The New Era—Lord Durham and Lord Sydenham.

In the midst of the gloom which overspread the Province, in consequence of the long continued exercise of irresponsible and arbitrary power on the part of the local executive, Dr. Ryerson, like many other loyal-hearted Canadians, rejoiced at the advent of Lord Durham,—a man possessed of plenary powers to inquire into and report on the grievances existing in Canada. Those who wished to perpetuate the reign of the ruling party, strongly deprecated Dr. Ryerson's advocacy of Lord Durham's schemes of reform. One of the most respectable organs[108] of that party (Neilson's Quebec Gazette) in a complimentary editorial on Dr. Ryerson (in May, 1839), expressed regret that a man "of his undoubted talents and great industry" should have endorsed Lord Durham's system of Responsible Government. In the Guardian of the 5th June, Dr. Ryerson replied, pointing out the fair and equitable system of Responsible Government advocated by Lord Durham, as compared with the crude one put forth by Messrs. W. L. Mackenzie and L. J. Papineau. He then illustrates the necessity for the reform proposed by Lord Durham, by referring to the arbitrary and irresponsible acts of Sir Francis Head. He said:—

The published word of the Representative of Royalty had [until Sir F. B. Head's time] been sacred and inviolable in Upper Canada; the majority of the people believed him. In 1836 they elected a House of Assembly in accordance with his wishes. He fulfilled his pledges by dismissing many of the magistrates and militia officers, because they voted against his candidates at the elections, and finished his career by plunging the country into misery, and thereby insuring its ruin.

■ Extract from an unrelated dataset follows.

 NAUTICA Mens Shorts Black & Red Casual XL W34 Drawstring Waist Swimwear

Now, where (he asked) was the "responsibility" under which ... such a Governor acts? He abuses the confidence reposed in him,—where is his censure? He disobeys the orders given him from England,—where is his punishment? He ruins men [Bidwell, etc.] whom he was ordered to appoint,—where is their redress, and his accountability? They are exiles, and he is made a Baronet! He disgraces and degrades numbers of persons without colour of reason, or justice, or law—yet they are without redress, and he is even without reproof. He tramples upon the orders from Her Majesty's Government, and attacks her ministers in their places—then returns to England, and boasts of his disobedience.... And there are those who tell us of the responsibility of our Governors to the Queen and Parliament!... The history of Sir F. B. Head's administration is enough to make the veriest bigot a convert to "Responsible Government."

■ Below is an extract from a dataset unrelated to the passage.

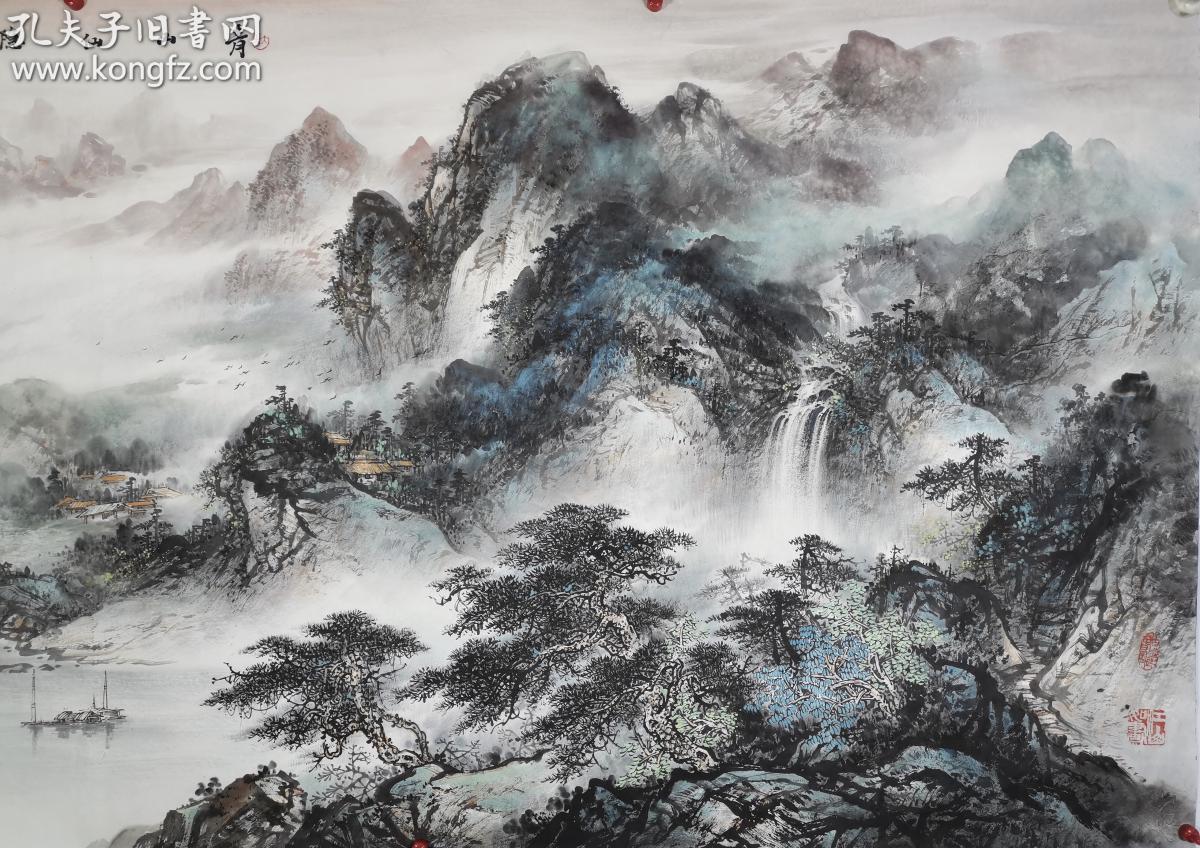 揭秘李长田山水画价格,艺术珍品价值深度探索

For these and other important reasons it can be seen how the great question of the day (in 1839) was that of responsible government for these provinces. Dr. Ryerson and others had written freely on the subject, claiming that the government of the country should be administered, as it was then expressed—"according to the well understood wishes of the people." This could only be done by men representing their wishes, and responsible to the legislature for their exercise of power and for every official act of the Governor.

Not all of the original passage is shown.